▶ [DATA]:
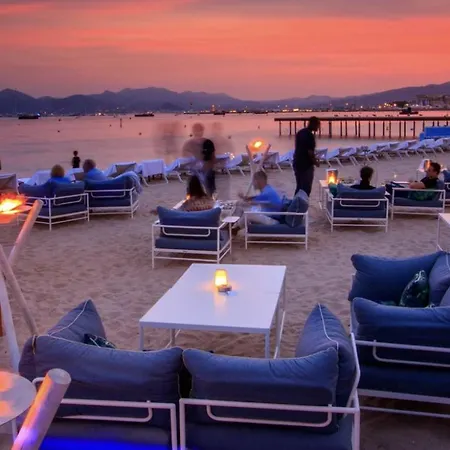 Апартаменты 6 Croisette Beaches Sea View And Palais Des Festivals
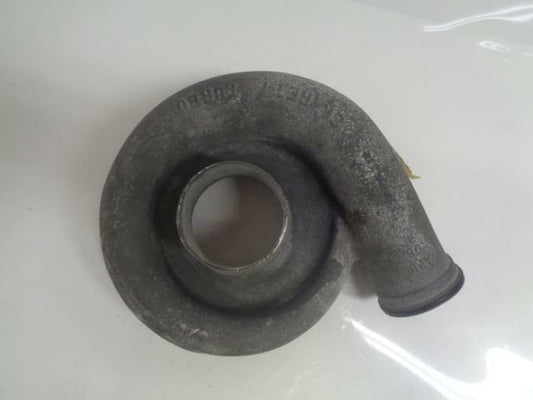 1 USED GARRETT COMPRESSOR HOUSING A/R .95 (MEASURED/UNIDENTIFIED) E2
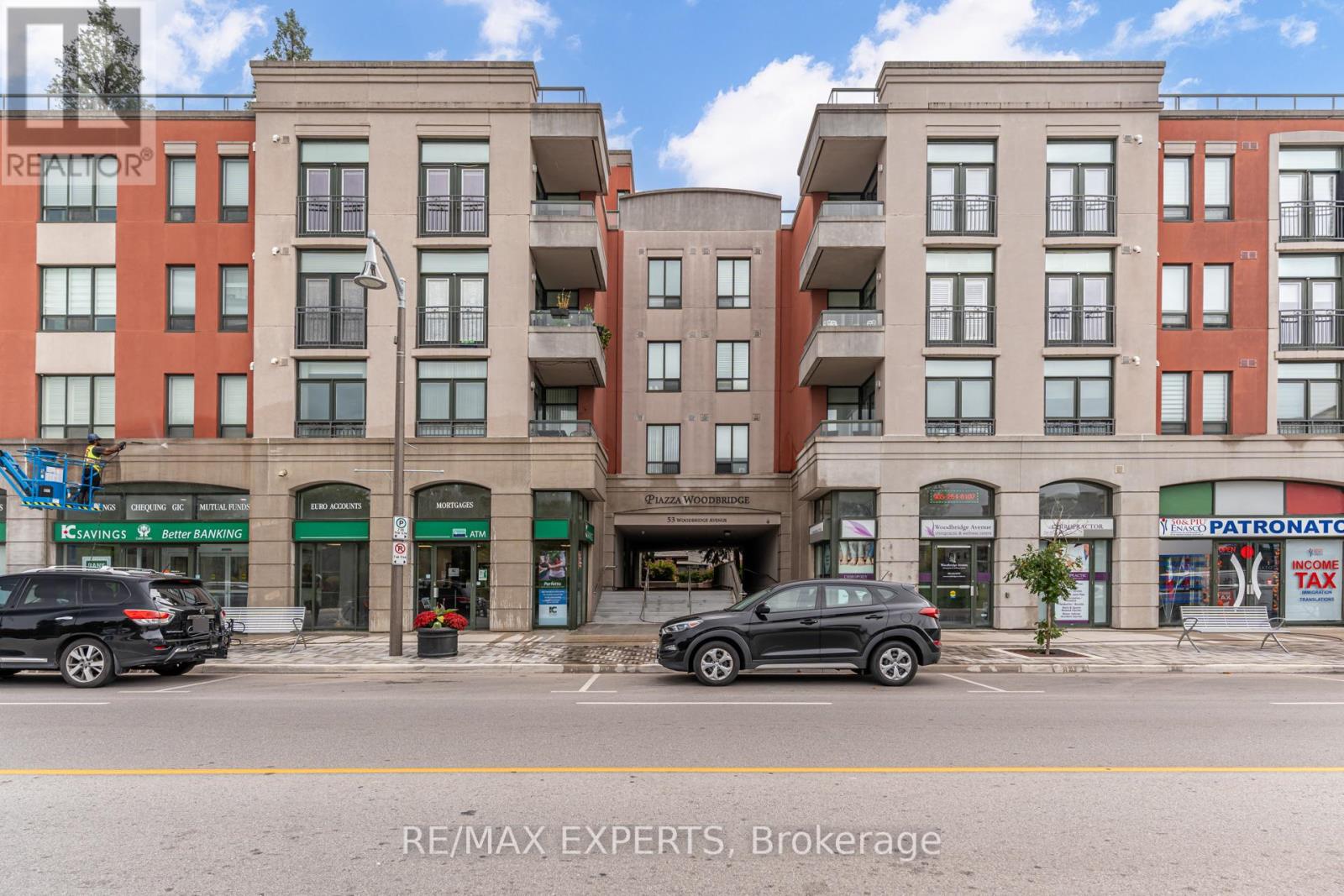 408 - 53 Woodbridge Avenue N, Vaughan, Ontario  L4L 9K9 - Photo 5 - N12460254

▶ [WORK INSTRUCTIONS]: Please transcribe the material above exactly as written. Leave the pictures out.

▶ [RESPONSE TO THE TASK]:
 Апартаменты 6 Croisette Beaches Sea View And Palais Des Festivals
 1 USED GARRETT COMPRESSOR HOUSING A/R .95 (MEASURED/UNIDENTIFIED) E2
 408 - 53 Woodbridge Avenue N, Vaughan, Ontario  L4L 9K9 - Photo 5 - N12460254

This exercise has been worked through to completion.